- _Work to be completed_:
Omit the pictures and retype only the lines from the one containing "Cobertura com 3" through the end of the listing, both ends included.

─── Material for this task

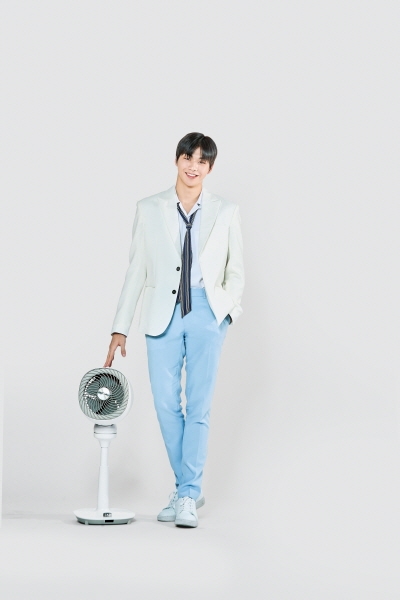 생활가전 전문기업 보국전자가 스탠드형 서큘레이터 ‘보국 에어젯 서큘레이터 스퀘어(BKF-2081CB)’를 신규 출시했다.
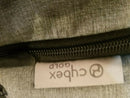 Cybex Gold Winter Baby Carrier Multi-Use in Grey (NEW) very Warm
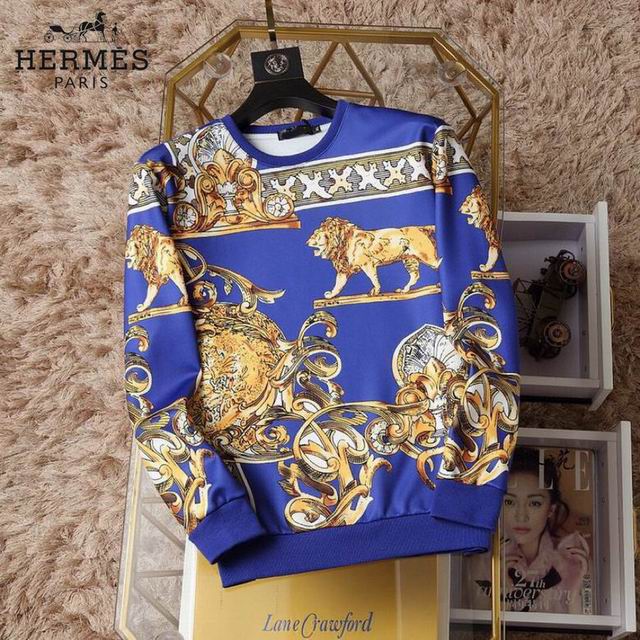 Hermes Sweatshirt m-3xl-19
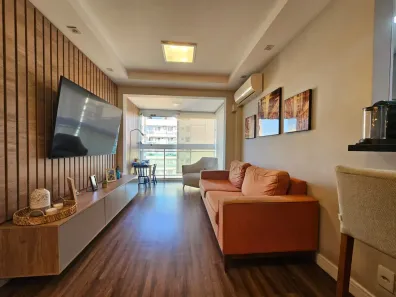 Cobertura com 3 Quartos à venda, 146m² no Barra Olímpica, Rio de Janeiro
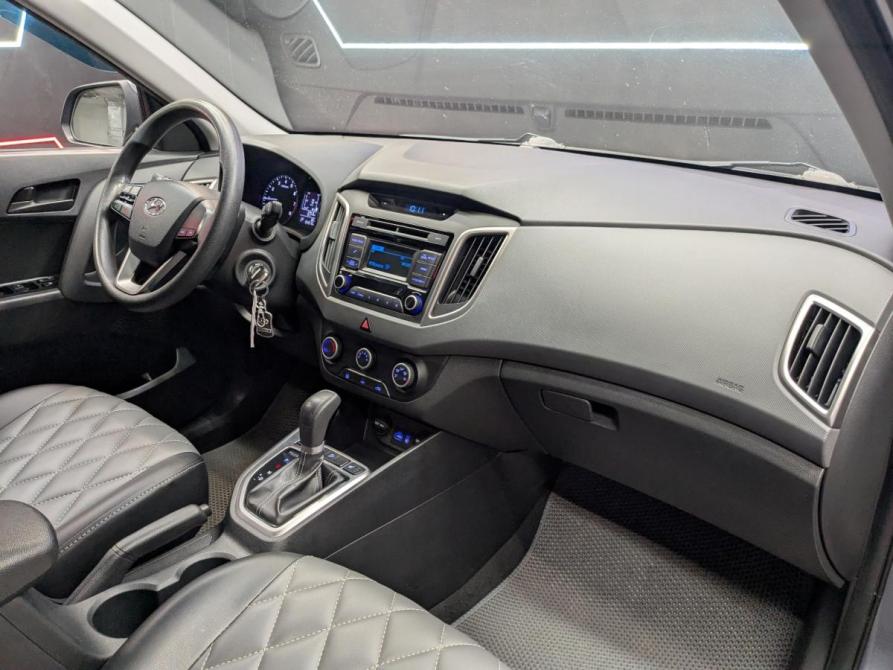 Hyundai Creta I Москва  - изображение 16
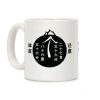 The Way to Dry Land Coffee Mug
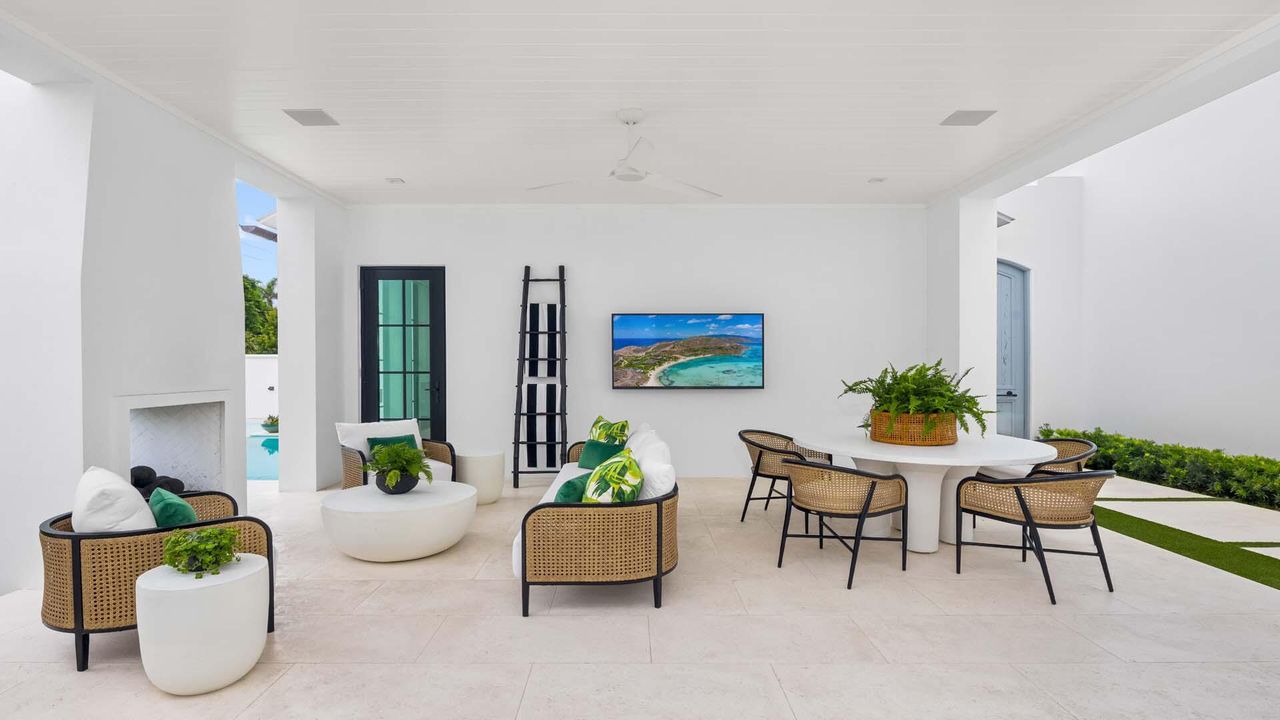 待售: $10,900,000 (4 贝兹, 5 浴室, 5030 平方英尺)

──────

- _Task solution_:
 Cobertura com 3 Quartos à venda, 146m² no Barra Olímpica, Rio de Janeiro
 Hyundai Creta I Москва  - изображение 16
 The Way to Dry Land Coffee Mug
 待售: $10,900,000 (4 贝兹, 5 浴室, 5030 平方英尺)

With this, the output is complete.